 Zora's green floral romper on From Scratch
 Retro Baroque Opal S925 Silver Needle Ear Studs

____________________

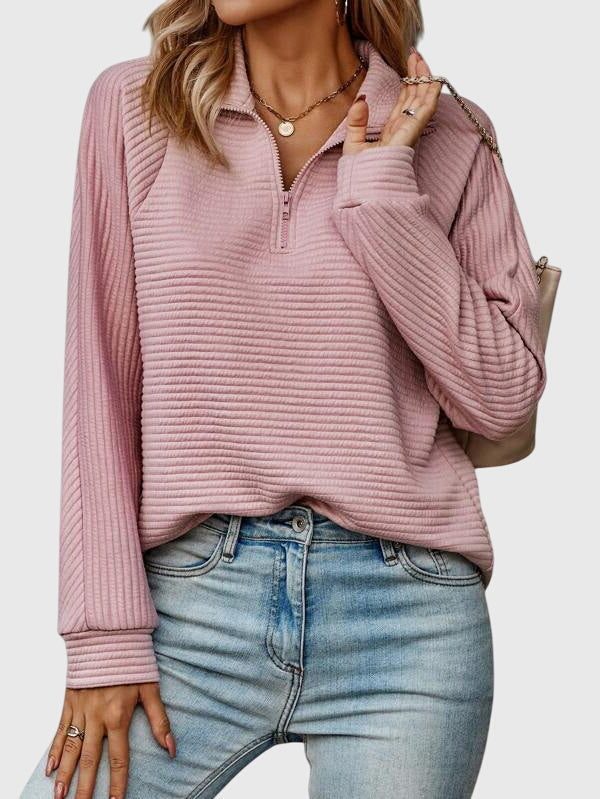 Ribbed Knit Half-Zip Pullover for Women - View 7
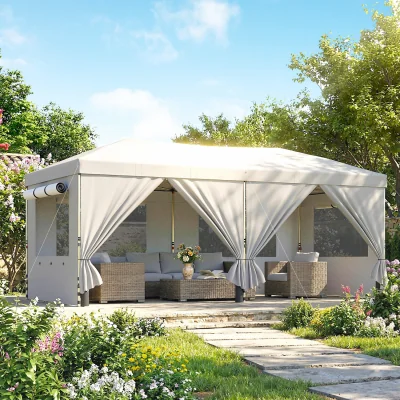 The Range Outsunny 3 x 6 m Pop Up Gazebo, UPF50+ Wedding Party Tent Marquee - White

____________________

Using the records above, restate word for word the lines from the one with "Zora's green floral romper on From Scratch" through the one with "Retro Baroque Opal", both included.

 Zora's green floral romper on From Scratch
 Retro Baroque Opal S925 Silver Needle Ear Studs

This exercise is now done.